Try it » The answer must reproduce the listing exactly, with every picture left out.

Given material »
▬▬▬

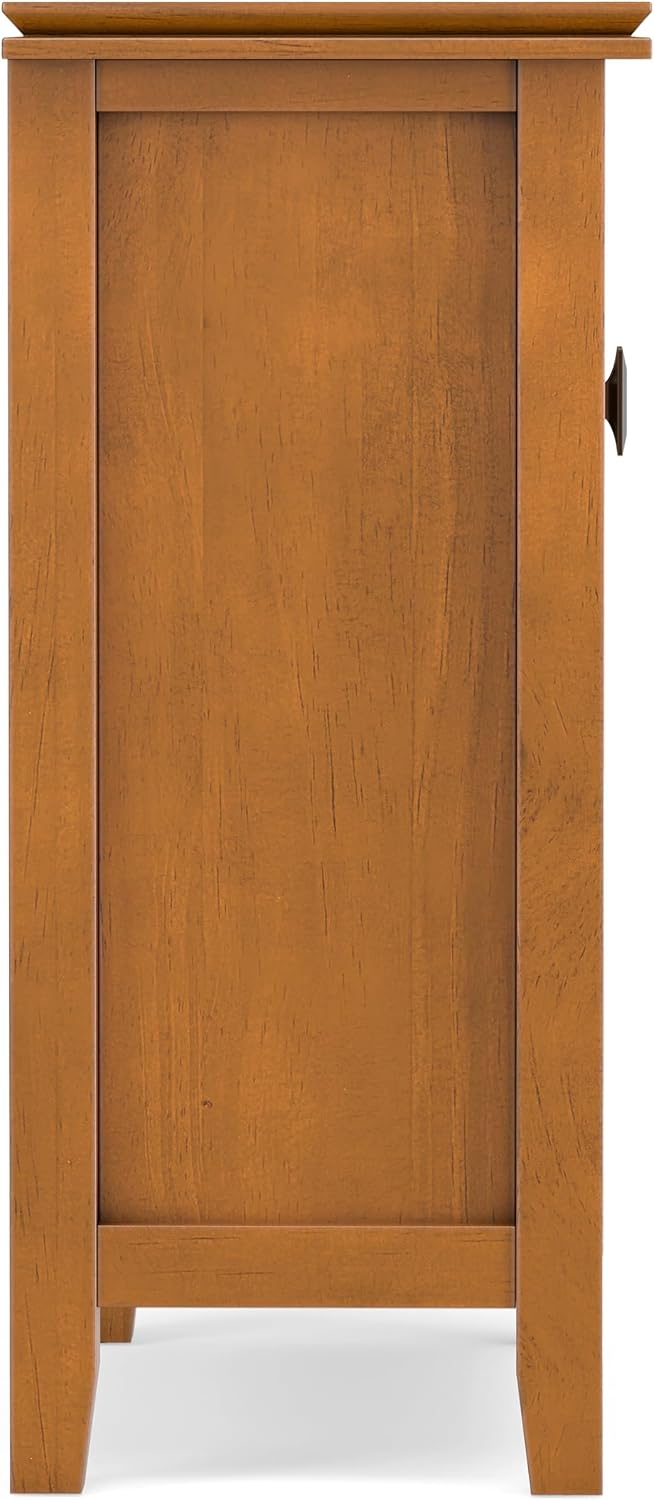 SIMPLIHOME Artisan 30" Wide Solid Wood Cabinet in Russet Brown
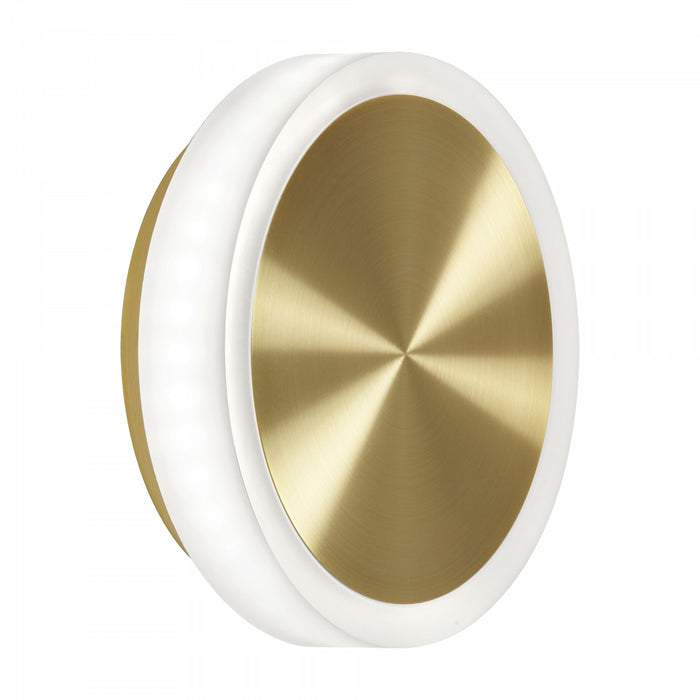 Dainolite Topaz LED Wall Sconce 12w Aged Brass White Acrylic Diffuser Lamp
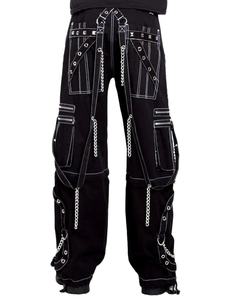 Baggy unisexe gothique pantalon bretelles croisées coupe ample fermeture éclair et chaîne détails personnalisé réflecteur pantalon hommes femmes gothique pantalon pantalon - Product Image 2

▬▬▬

Answer for this exercise »
 SIMPLIHOME Artisan 30" Wide Solid Wood Cabinet in Russet Brown
 Dainolite Topaz LED Wall Sconce 12w Aged Brass White Acrylic Diffuser Lamp
 Baggy unisexe gothique pantalon bretelles croisées coupe ample fermeture éclair et chaîne détails personnalisé réflecteur pantalon hommes femmes gothique pantalon pantalon - Product Image 2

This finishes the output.